Facebook Homepage Source Code Probably Leaked

Sun, 12 Aug 2007 08:13:28 GMT
by pdp

It seams that Facebook's Homepage Source code was leaked. This is yet to be confirmed by Facebook themselves so do not take it for real.

I've spent a couple of minutes reading the single PHP file and there is nothing wrong with it that is obvious to me at this stage, apart from the fact it gives us a pretty good idea how the software is structured and where to find interesting libraries and other components of the Facebook application. If you find anything interesting please send it to us privately or I would suggest to contact the Facebook straightaway.

    [source code taken down, let's be nice]!

Archived Comments

Hello, Today, I read about the alleged source code leak at Facebook Secrets http://facebooksecrets.blogspot.com/ where the actual code was posted... The code is composed of numerous API calls, I don't know if the actual code of the various PHP include files was also leaked.

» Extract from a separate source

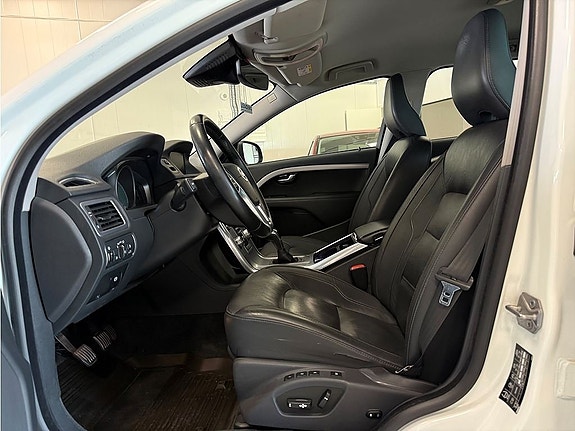 Volvo V70 4 of 5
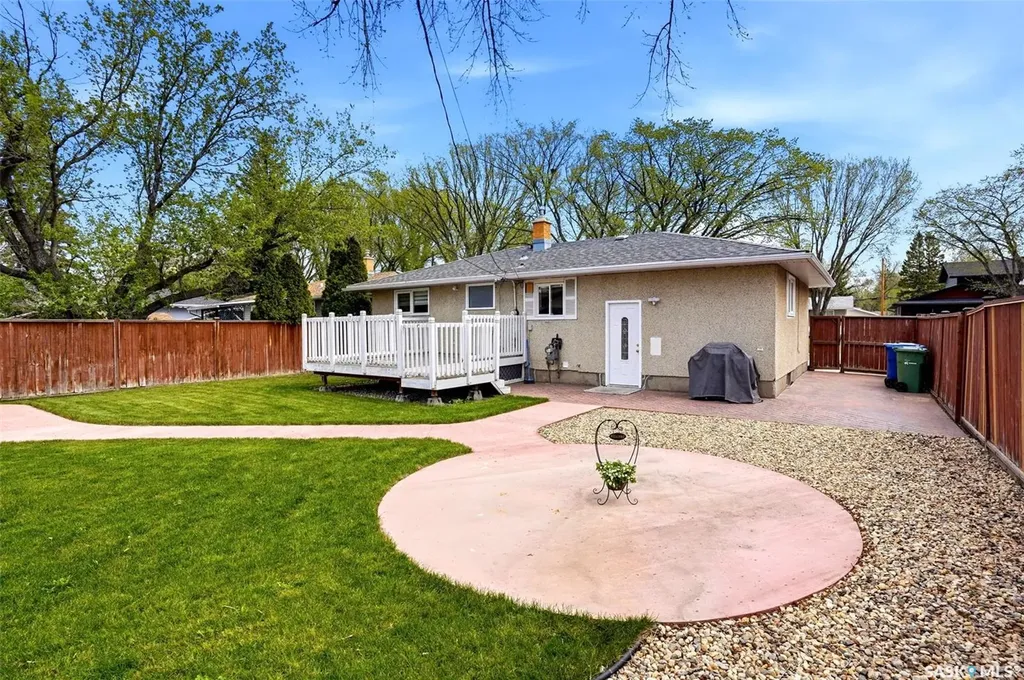124 Riddell Crescent Regina SK S4S 5L3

Couple of days ago while browsing facebook I got an error that revealed where the actual code is stored /home/... I believe this violates an important security rule "Secure failure". Unfortunately many web applications on the web still suffer from an insecure failure. Just a thought :)
Prepare for cease and desist...
you dont think this could be considered proprietary source code you're posting?
bpzp, actually I don't know. If this is the case I will be happy to take it down. However, it could as well be a joke which is interesting to be noted. This is why the title of this post is Facebook Homepage Source Code Probably Leaked.
update: seams to be real. the source code was taken down.
Well actually, the source code is still posted http://facebooksecrets.blogspot.com/
Hope hackers play it nice too :)
Site facebooksecrets.blogspot.com was shut down by Google. But there are places in the Web, where you can find this source code :-) (like here: www.mediafire.com/?ddjj9bntdzz). Yes, there are many web sites (and web applications) in the Internet which suffer from an insecure failure. And security researchers and visitors can find such holes during visiting of the sites or via Google hacking. pdp and guys, you can look at my article "Warning" Google hacking http://websecurity.com.ua/1278/ (about dorks developed by me). Where I describe a lot of "warning" search queries (dorks) which let you find Full path disclosure and Information disclosure vulnerabilities at a lot of sites.